As neoliberalism grew in power during the Reagan-Thatcher conservative revolution and the Clinton-Blair third way era, it took the good aspects of market economies to the extreme by tearing down government protections and regulations and encouraging speculation and instability. The subsequent stagnation and downward mobility of working-class people in many Western countries produced an understandable backlash. The populist response against neoliberalism came from both the right and left and was grounded on real experiences of diminished economic security for workers and their local communities, and wider anger at cultural values of neoliberal elites that were often at odds with traditional working-class norms. 

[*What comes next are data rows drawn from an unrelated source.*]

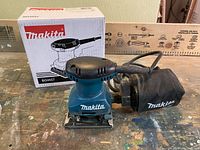 Makita palm sander with dust collection bag plugged in, showing front and side angle along with original box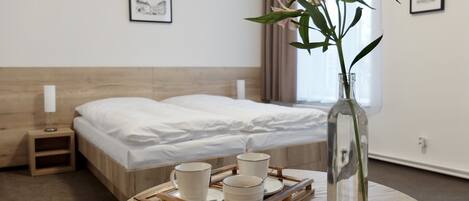 A hotel room with a bed, a bedside table with a lamp, a tray with cookies and cups, and a vase with flowers.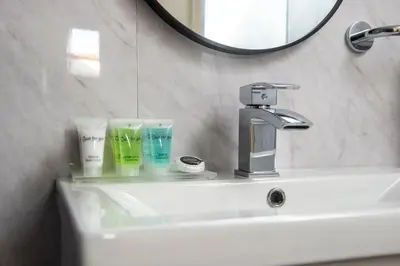 a bathroom sink with a faucet and a mirror at Stunning 5 bedroom apt, close to city centre, SEC, Hydro and motorway in Glasgow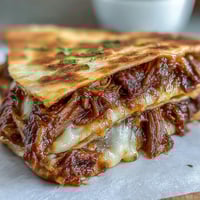 Cinco de Mayo birria quesadillas with consommé dip, golden crispy tortillas filled with tender braised beef and melted cheese.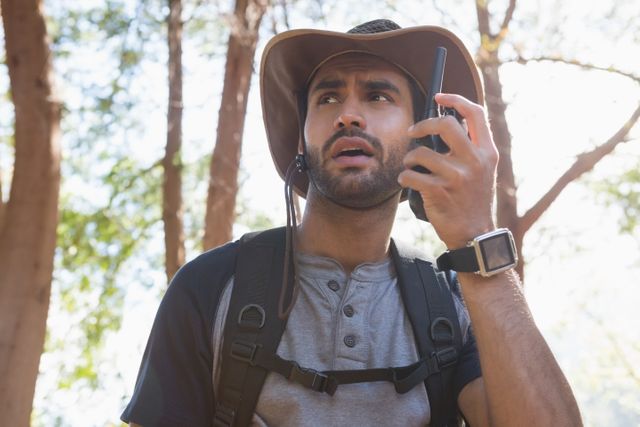 Man using walkie-talkie in forest on sunny day, ideal for themes of outdoor adventure, communication, and safety. Suitable for articles, blogs, and advertisements related to hiking, technology in nature, and wilderness exploration.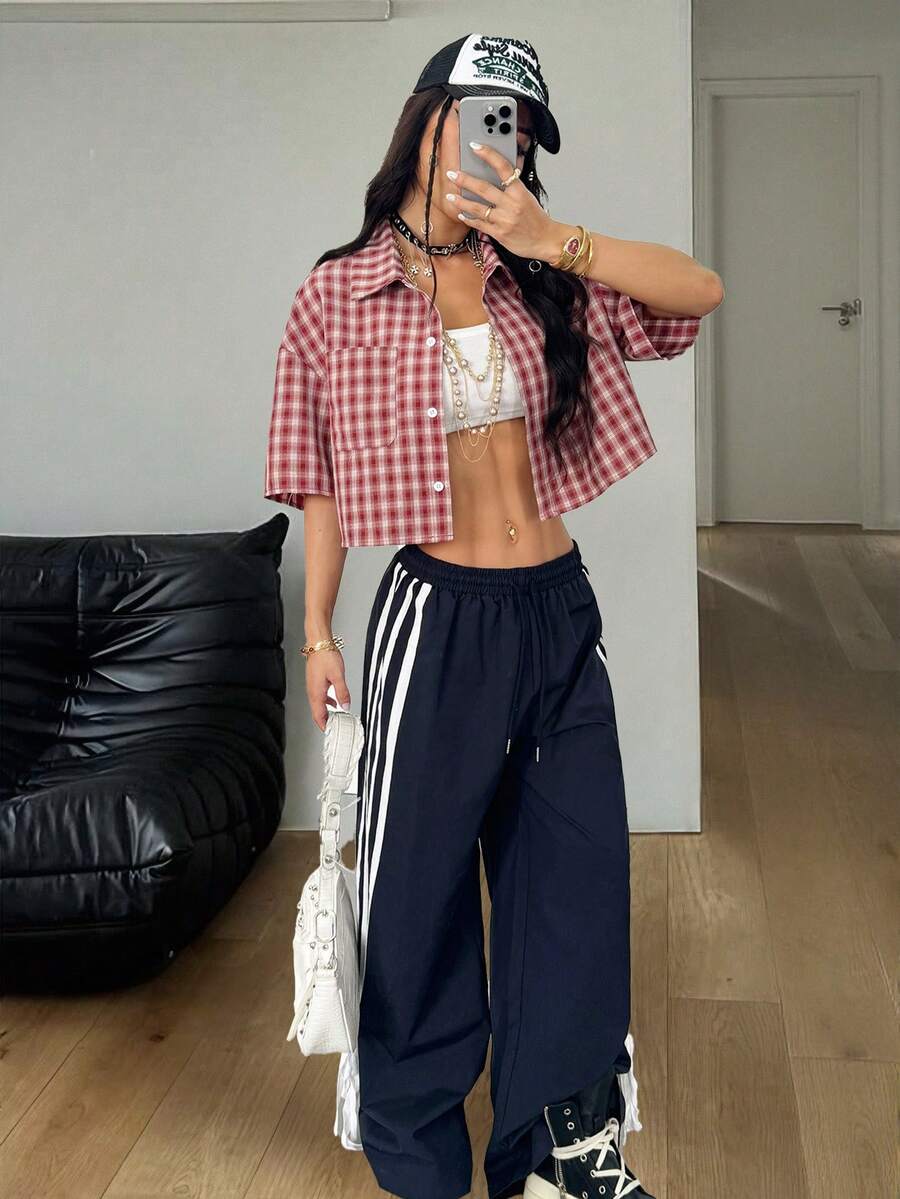 Women's plaid crop shirt with button front, chest pocket, short sleeves, and loose casual fit.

If neoliberalism represented the economic interests of the super-wealthy and professional classes, the populist response in turn gave voice to working-class discontent with liberal systems of trade, immigration, and global identities. It manifests itself in left-wing efforts such as the Occupy movement in 2011, and on the right with the Brexit vote in the U.K. and the election of Trump in the U.S. in 2016.

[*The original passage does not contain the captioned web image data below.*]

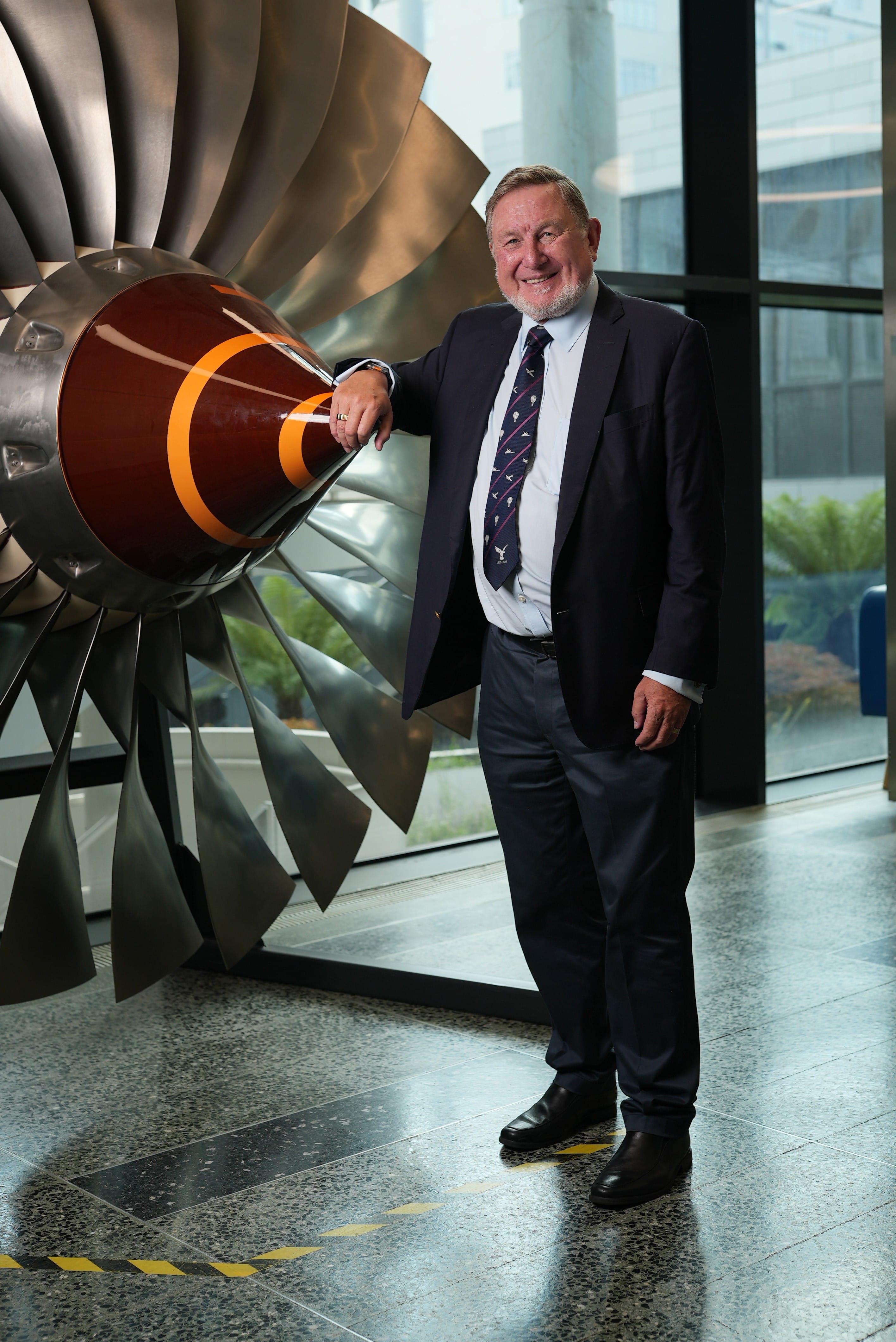 Smiling older man in a dark suit and tie leaning against a large jet engine turbine display indoors.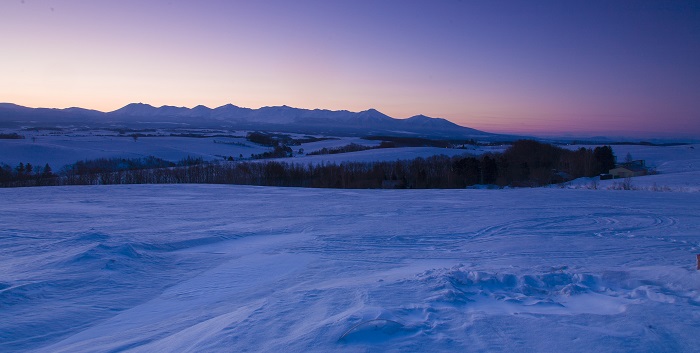 Un paisaje nevado con el atardecer de fondo 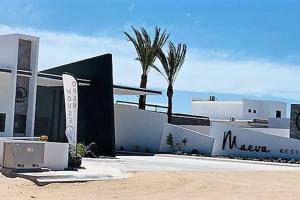 un edificio con un cartel frente a él con palmeras en Casita de Moana, en Puerto Peñasco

On the cultural front, Fukuyama convincingly argues that “identity politics” initially emerged “as an effort to fulfill the promise of liberalism, which preached a doctrine of universal equality and equal protection of human dignity under the law” that grievously ignored ill treatment of Black Americans, women, gay and lesbian people, and religious minorities. This led to historic changes in American life from the mid-1950s to the 1970s through various liberal civil rights movements. 

However, in recent decades, according to Fukuyama, this outgrowth of liberal thought turned on liberalism itself as identity politics was “absolutized in ways that threatened social cohesion, and in its service progressive activists began to enlist social pressure and the power of the state to silence voices critical of their agenda.” For example, rather than teach students that all people deserve equal dignity and rights as laid out in the Universal Declaration of Human Rights, critical theorists operating in many schools and institutions today teach instead that “white privilege” and “systemic racism” preclude any meaningful life chances for Black or Hispanic Americans and assert that most policies and laws reinforce historical white supremacy. 

These theorists also challenged liberal concepts of meritocracy, rationality, and adherence to scientific thought as thinly veiled forces of oppression and power that should be replaced with subjective “lived experiences” of marginalized groups. These ideas led directly to fierce recent battles over affirmative action and the elimination of test-based admissions policies for many elite public schools and universities in favor of subjective evaluations of cultural diversity and group-based disparities. Likewise, with the rise of social media the ability to enforce the illiberal left’s ideological conformity has expanded in both subtle and overt ways. If you try to challenge the doctrines of critical theorists or use the wrong terms of debate as laid out by many social justice activists, you will likely be targeted directly for “wrongthink” and face potential social and institutional opprobrium. 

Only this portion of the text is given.